19150607_Ferguson,JWJohn White Ferguson was the second son of John Ferguson, a well-known yacht builder. As with many scholars he was a keen debater, advocating for both compulsory Greek and compulsory military service! He showed sporting ability from the start, winning the quarter mile and hundred yards at his first Athletic Sports competition. He became a keen cricketer whilst at Westminster and played for the school’s 1st XI, as well as for the King’s Scholars own team. As a footballer his kicking was described as being ‘particularly fine’ in The Elizabethan. His work kicking and tackling was ‘admirable’ in the Charterhouse match of 1908 – although clearly not quite enough to save the game which was lost 4-0.

Upon leaving the school he was apprenticed to his father in the shipbuilding trade. In April 1913 he joined the Clyde Division of the Navy. On the outbreak of war he took part in the siege of Antwerp and received a Distinguished Conduct Medal. In March of 1915 he was transferred to the Mediterranean Expeditionary Force. He was killed in action in the aftermath of the 3rd Battle of Krithia on 4th June 1915.

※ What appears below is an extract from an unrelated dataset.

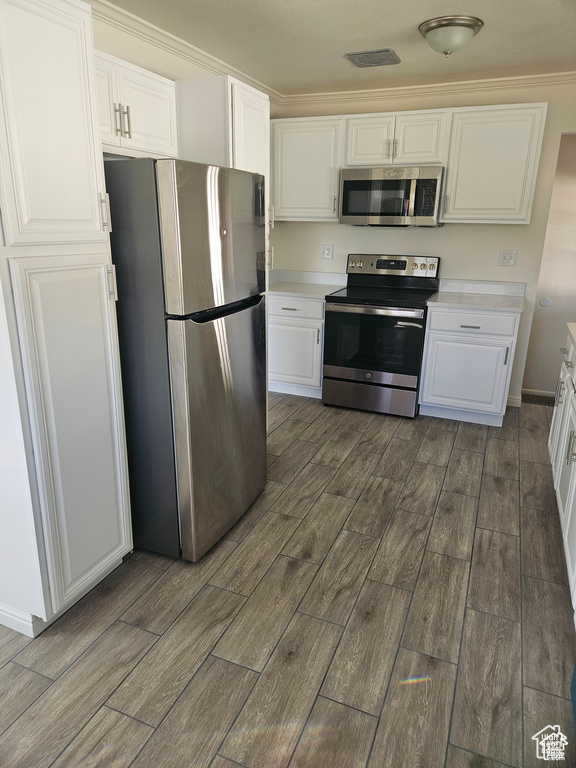 Photo 4 for MLS #2116894 at 956 E Sego Lily Dr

A fellow officer, D.W. Cassie, wrote to the family after the death:

I got his, or most of his, official papers and maps. I wanted to get his ring and cigarette case to send home to you but the danger was too great for me to wait and it couldn’t be done. The Hood Battalion is now practically at an end. We have only three officers and 120 men left now, so we no longer count, but before I close I should like to say that I, nor anyone in the Battalion can pay enough tribute to Johnnie’s bravery and gallantry, he died in action, he led his men. …. I am on my way now to Alexandria in charge of 350 Turkish prisoners. It was been given me as a sort of rest after that terrible action.